I also understand that, among other things, one of the movie's big set pieces involves a large group of businessmen in suits doing a Strohman-style briefcase dance in the middle of Sixth Avenue to the strains of "Come Together." Sound like that'll "work," right?
Now my suppositions could very well be wrong, and Across the Universe could well turn out to be a masterpiece, or so says the annoying little man sitting on my shoulder who always tells me to be nicer whenever I'm working up a good head of steam. But if that should indeed be the case, wouldn't we deserve the full-length masterpiece? Landmark work or travesty—either way, I'll have a good time. Because that's really what all this is about. Me. Having a good time.
So please, Joe Roth, put the director's cut of Across the Universe out there. 'Cause honestly, I don't think it's gonna make any money either way anyhow.
Your pal,
Glenn Kenny

I almost feel like you're being too generous here--how many English-speaking people born in the latter part of the 20th century DIDN'T, in one way or another, grow up with the Beatles' records? It's not as if they stopped being relevant once they stopped recording. So that leaves the film's core demo as...who, exactly?
Posted by: WP | March 20, 2007 at 06:29 PM
As a proud French citizen, may I say to Monsieur Roth: that Legion D'Honneur rosette you covet is not getting any closer to your buttonhole.
But one question: aside from YELLOW SUBMARINE, can anyone name a movie inspired by -- not starring -- the Beatles that was any good? I can only think of two: THE HOURS AND TIMES, with Ian Hart pretending to be John Lennon, and HAVING A WILD WEEKEND, with the Dave Clark Five pretending to be the Fab Four. Any other nominees?

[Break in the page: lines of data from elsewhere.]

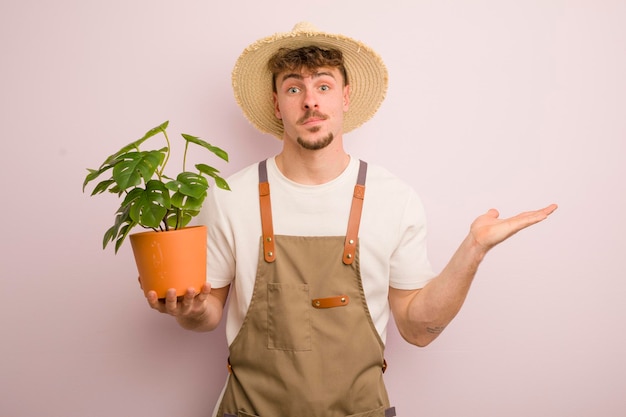 Young cool man feeling puzzled and confused and doubting gardener and plant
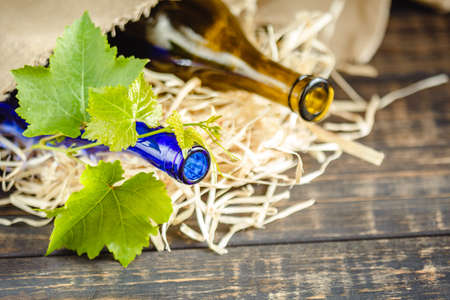 Wine bottle on a wooden background. Winemaking, sommelier.の写真素材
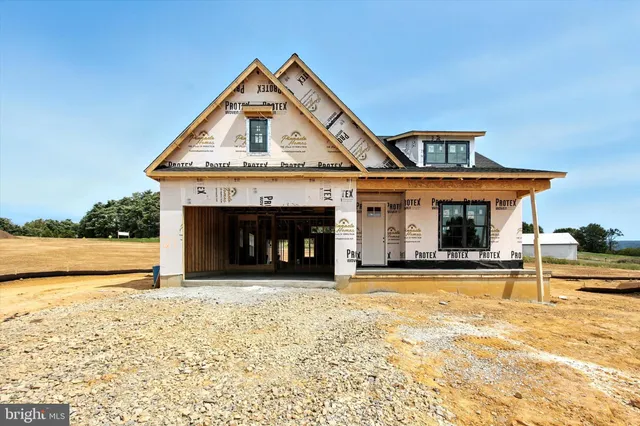 a view of a house with large outdoor space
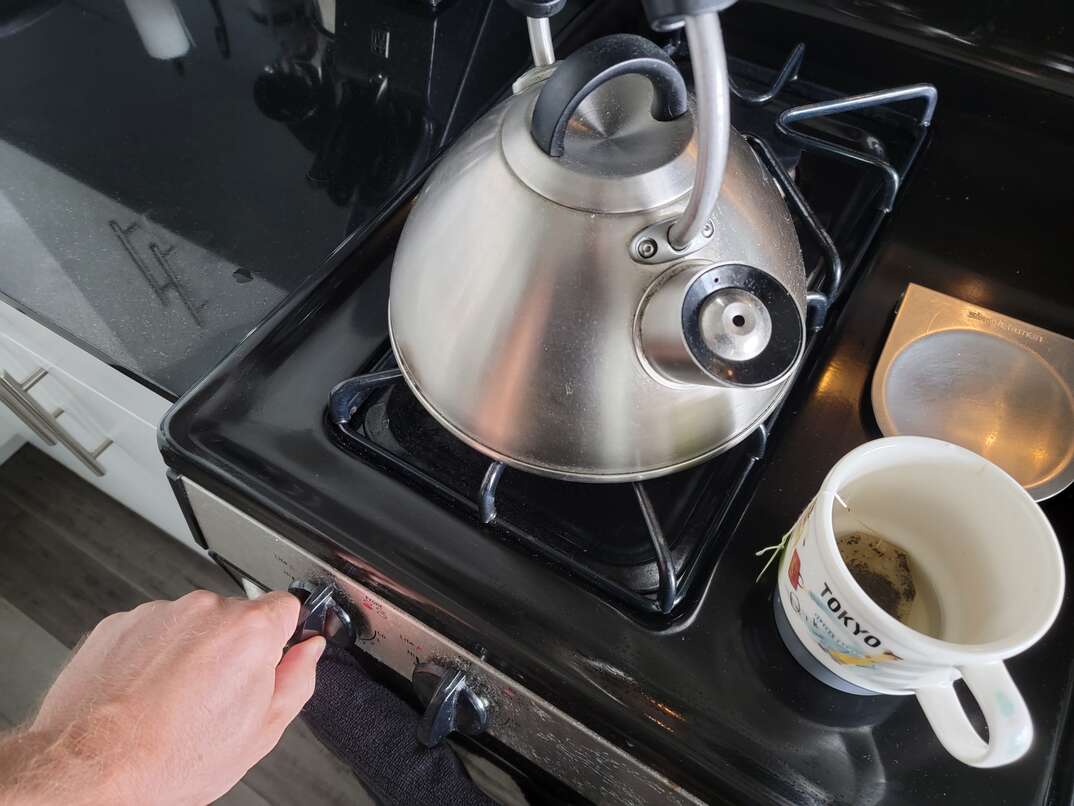 Human hand adjusting the burner with the knob of the black stovetop on which a stainless steel teapot sits as well as a teacup with a teabag in it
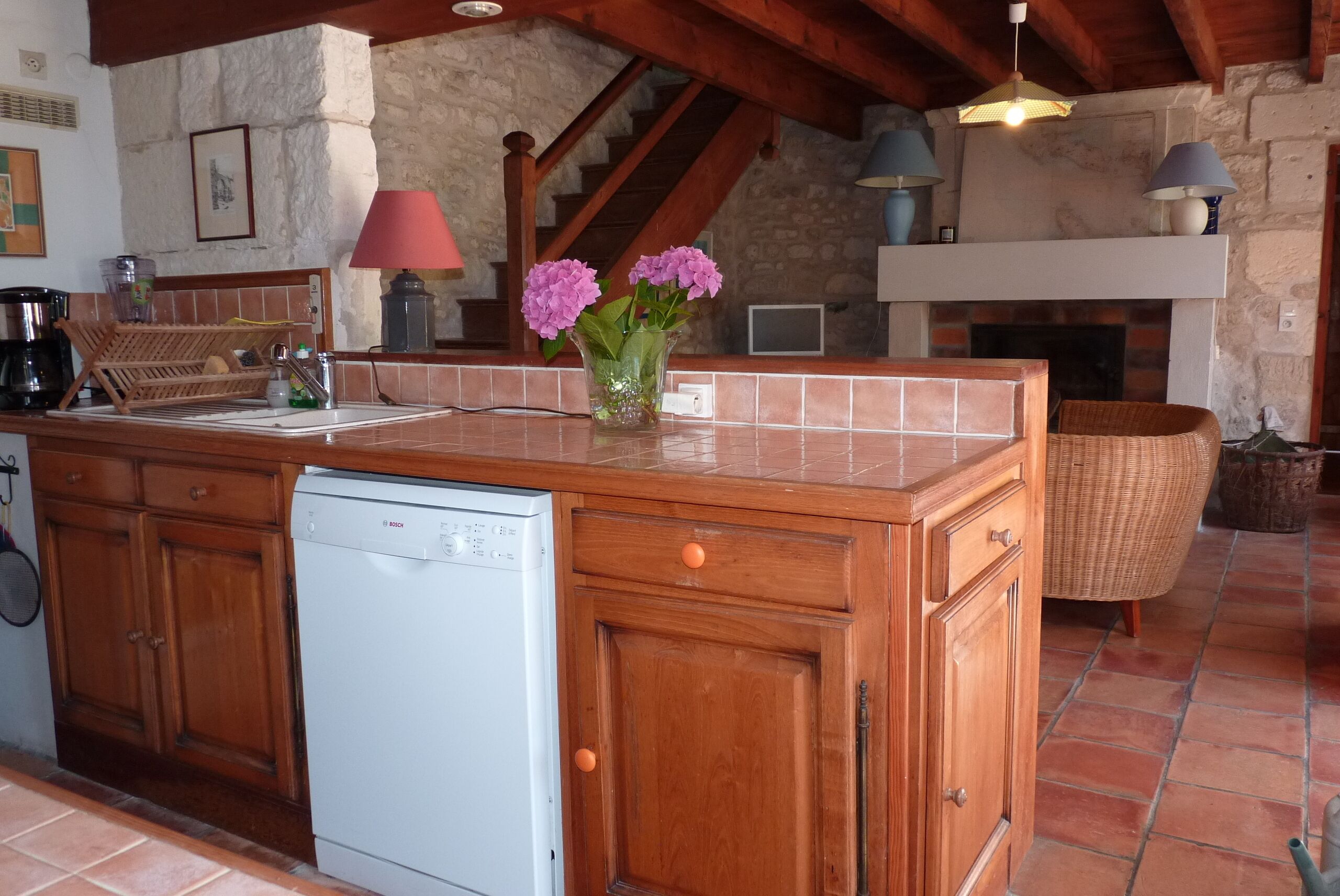 A kitchen with wooden cabinets, a dishwasher, a tiled backsplash, a vase with flowers, and a fireplace.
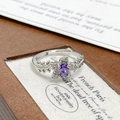 Macro detail of purple zircon flower ring with silver leaf engravings on the band - Adjustable Open / Purple Oval Floral Inlaid Style (JZ5469)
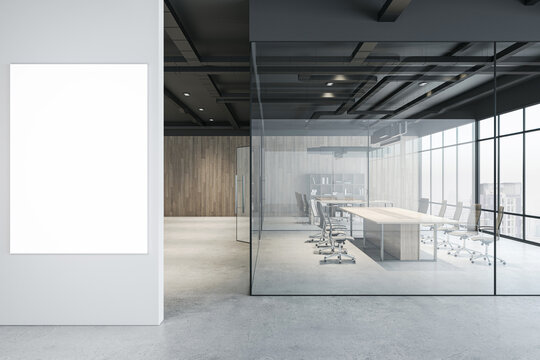 Front view on blank white poster on grey wall in modern interior office hall with conference room behind glass partitions, wooden walls background and city view from window. 3D rendering, mock up
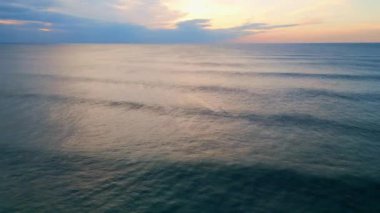 Yaz akşamından sonra güzel, bulutlu, sonsuz okyanus ufku. Hava manzarası güneş batarken deniz yüzeyini sersemletiyor. Karanlık, derin su dalgaları güneş ışığını yansıtıyor. Doğa sükuneti kavramı.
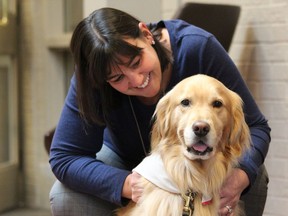 London fire Chief Lori Hamer bonds with therapy dog Mulligan, a five-year-old golden retriever, as 350 Southwestern Ontario public safety workers gathered to discuss on-the-job mental health issues at the Be Well Serve Well 2019 conference at London's Lamplighter Inn Wednesday. (DALE CARRUTHERS, The London Free Press)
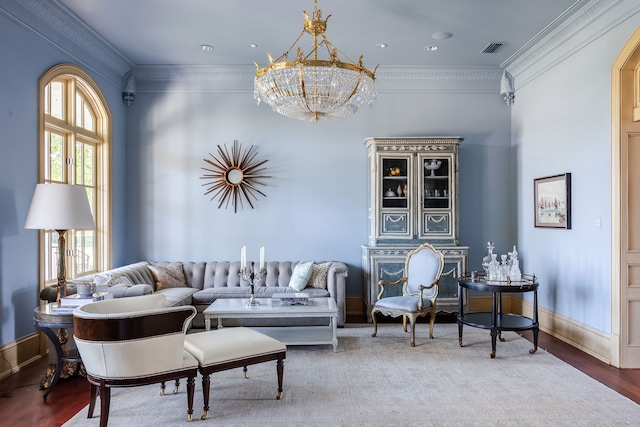 living room with wood-type flooring, a chandelier, and ornamental molding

Posted by: crazysummerswithbrigitte | March 20, 2007 at 07:16 PM
Let's look at it this way: if the short version is released and tanks, Taymor can dump the blame on Roth's doorstep. But if her cut is released and tanks, she winds up with omelet on her face and Roth looks like a genius. This could be ve-e-ery interesting...
Posted by: cadavra | March 21, 2007 at 01:38 AM
Visionary? This idea seems beneath even the Baz Luhrman treatment.
Posted by: Bugs Meany | March 21, 2007 at 10:02 AM
What? No mention of All This and World War II? Stock footage of the great war set to Beatles covers -- now there's a concept! (Still, that Peter Gabriel cover of Strawberry Fields Forever is pretty cool.)
I'll admit to not being a huge fan of Taymor's work, but I'd still rather see her vision than some tinkered version overseen by the man who directed Christmas with the Kranks.